Jusqu’à présent, la Commission européenne n’a fait qu’assouplir les règles en matière d’aides d’État pour faire face à la crise de Covid-19. S’il est compréhensible d’assouplir ces règles en temps de crise, cela induira inéluctablement des distorsions entre les agriculteurs des pays qui ont la puissance économique et la volonté politique d’aider le secteur et ceux qui ne l’ont pas.
De plus, une multitude d’aides d’État ne constituent pas une réponse à une crise du marché à l’échelle de l’UE. Seules des mesures communes peuvent y remédier.
Farm Europe est fermement convaincue que nous devons tirer les leçons de l’expérience passée. Lors des dernières crises du marché, que ce soit les deux crises du secteur laitier ou celle des fruits et légumes, il est apparu clairement qu’intervenir alors que la crise avait atteint son plein développement coûtait plus cher et causait davantage de dégats économiques et sociaux qu’agir dés les prémices.
La PAC actuelle est mal équipée pour faire face à une grave crise du marché dans de nombreux secteurs.
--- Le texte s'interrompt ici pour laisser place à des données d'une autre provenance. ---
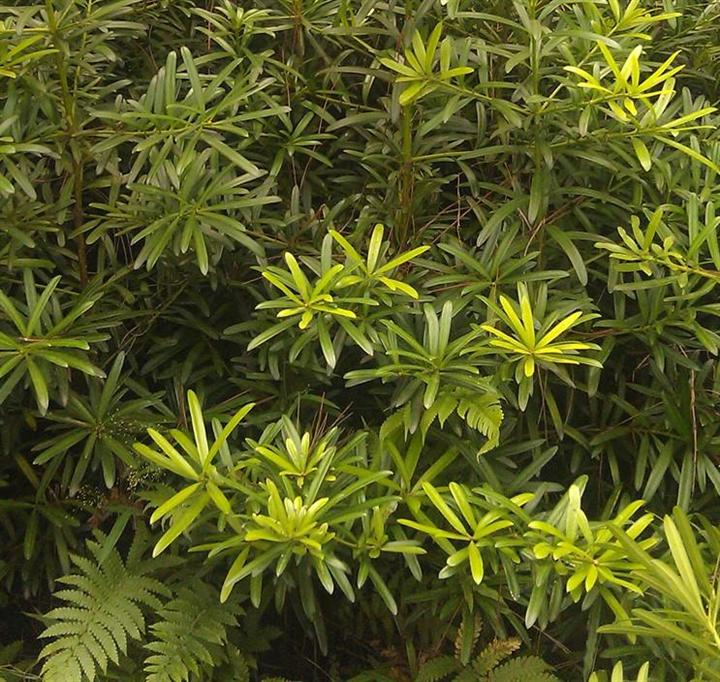 重庆黄角树苗--重庆黄角树苗基地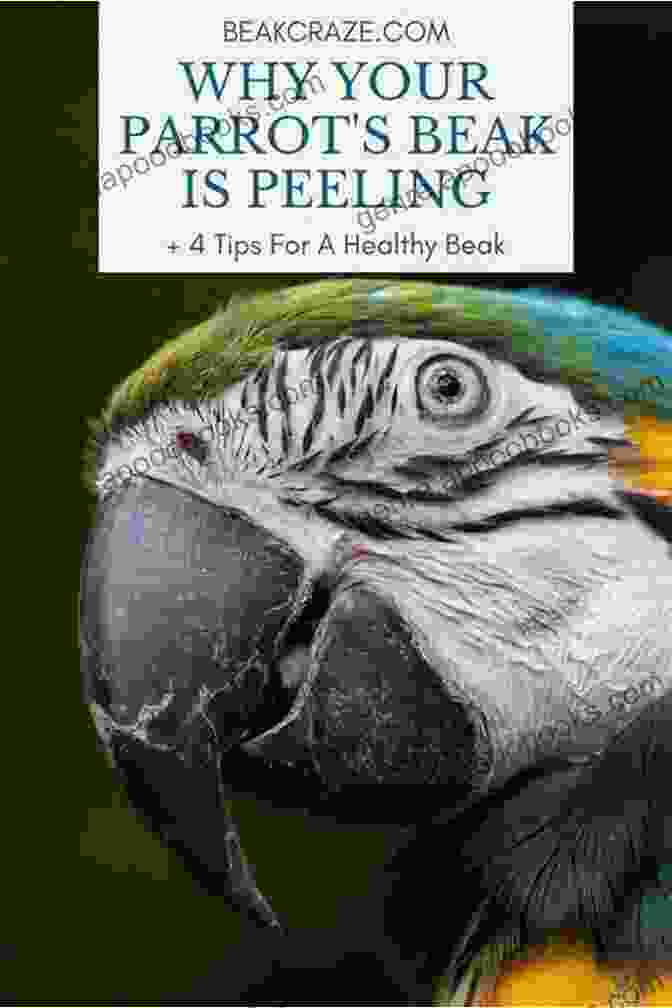 A Parrot Vocalizes, Its Beak Slightly Open. How To Teach Your Parrot To Speak In 5 Easy Steps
Les seuils de déclenchement des interventions sont beaucoup trop bas et la boîte à outils n’est ni complète ni opérationnelle. Les outils de gestion des risques définis en 2013 et affinés grâce à l’Omnibus financier ne sont pas prévus pour faire face à une telle crise. Ils apportent des réponses à la volatilité des marchés et non à une crise profonde.
Une approche attentiste serait donc clairement une erreur. L’UE doit anticiper les difficultés à venir et se donner les moyens d’y faire face.
Il est essentiel que l’UE agisse rapidement pour créer une véritable réserve de crise, avec les règles d’engagement appropriées. Comme l’a proposé la COMAGRI, la Commission européenne devrait prendre l’initiative de toute urgence.
Nous avons besoin de plus de 400 millions d’euros, nous devons disposer de règles d’engagement qui permettent à la Commission d’intervenir rapidement pour redresser les marchés, par les meilleurs moyens disponibles – par exemple en réduisant l’offre et en indemnisant les agriculteurs pour la perte de production, en intervenant de manière plus décisive. Et la dernière chose dont les agriculteurs ont besoin, c’est de voir leurs paiements directs réduits des montants utilisés pour lutter contre la crise.
Cette crise risque d’être plus sévère et plus profonde que les précédentes. La Commission européenne ne doit pas s’appuyer sur les outils actuels de gestion de crise de la PAC qui n’ont pas fonctionné correctement dans un passé récent, mais en créer de nouveaux. Le règlement de transition pourrait être un instrument législatif permettant de les mettre en œuvre rapidement. Ne laissons pas passer cette occasion.